Fundraising, Management Issues/Help with nonprofit board


After reading your description I want to just ask you for help on everything!

I'm with a group that is in the middle of trying to create a nonprofit.  We formed a board in early 2013, and have been trying to raise money to apply for our 501c status.  We've also been getting the word out looking for others who want to be involved.  

A few factors.  We live in a very rural area and there are very few nonprofits in our area, and none in our category.  Everyone involved currently has never served on a board or committee previously (not even PTO for school).  We are doing our best to research and try to run the way a board should, but I think the fact that many people involved are friends and it being a small town is causing some issues.  Also everyone is volunteering their time, and sometimes it seems no everyone wants to put in the time needed to keep things organized.  

We need help to organize our meetings in a way that new people wanting to be involved (or people just wanting to sit in on a meeting to know where their donation money is going) can come and feel invited without necessarily letting them make decisions for the organization. A recent issue that I'll use as an example.  We have 4 board members, who are listed under the state as the board for the organization.  But we had 2 volunteers who have been coming to meetings the last few times.  At one meeting we needed to decide where some money raised would be used, and instead of the vote being between the board only.  Everyone felt obligated to let the recent volunteers vote too because they were at the last few meetings and at this meeting (basically didn't want to hurt there feelings by not including them).  Then this ended up causing conflict in the board later because some people felt the vote was not valid because it included people who should not have voted etc.  

Any advice on how we can get our board more organized and also set up our meetings in a way that we don't leave people feeling ignored but also keeping major decisions only made by the board would be great!  This seems to be our issue at this moment, but we could really use any advice you could provide.  We want to make sure functioning and efficient before applying for 501c tax exempt status.  

Thank you!

Thanks for writing - and, unfortunate congratulations that you have gone down the rabbit hole after many, many others.  That rabbit hole is the desire to include others by opening up the board meetings to volunteers, members, or the general public.  It probably wouldn't surprise you to know that I recommend not including non-board members at board meetings.  (You've learned the hard way....and so have many others.)  There are two reasons for this:  (1) your organization needs crisp decision-making authority (not diluted with the advice and observation of non-board members) and (2) your board needs to learn together and, over time, trust one another to speak freely and without hesitation.  Your board members are under an obligation to keep the discussions in the board room confidential - your visitors have no such restriction.

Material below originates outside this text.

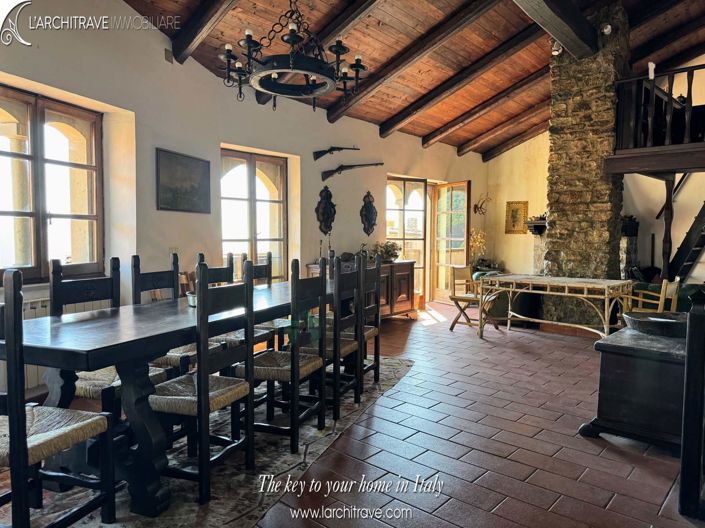 Image No.5-Maison de 5 chambres à vendre à Comano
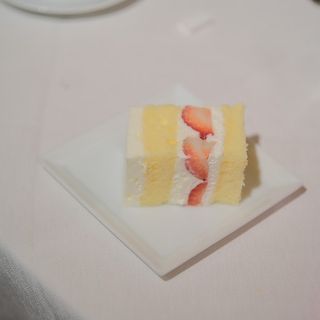 横浜迎賓館のクチコミ 料理・ケーキの写真(1枚目)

So, given your situation (and assuming that it would be too abrupt for your board chair to decide now to "uninvite" these non-board members to your board meetings), I'd suggest dividing your meetings into two sections.  The first section is the "information/discussion section" - where presentations can be made, input (from nonboard members) can be received, and alternatives can be suggested.   You can invite non-board members to this portion of the meeting.  Then the second part of the meeting "decision-making and commitment section."  For this part of the meeting, you will clear the room of any non-board members after thanking them for their time and input.  You will start the official board meeting during this second section.  All board decisions are made during this time.

By the way, those volunteers might make very good board COMMITTEE members.  If you can get them to participate at that level (with a specific skill set or interest in a particular area of the board), they could have a larger role in your organization as it unfolds.  Additionally, they could make potentially-valuable board members down the road.  So keep thinking of ways to include lots of people in your non-profit as you are doing - but don't allow them to attend the
decision-making portion of the board meetings....reserve that for only voting board members.

I hope this helps - please let me know how things unfold, will you?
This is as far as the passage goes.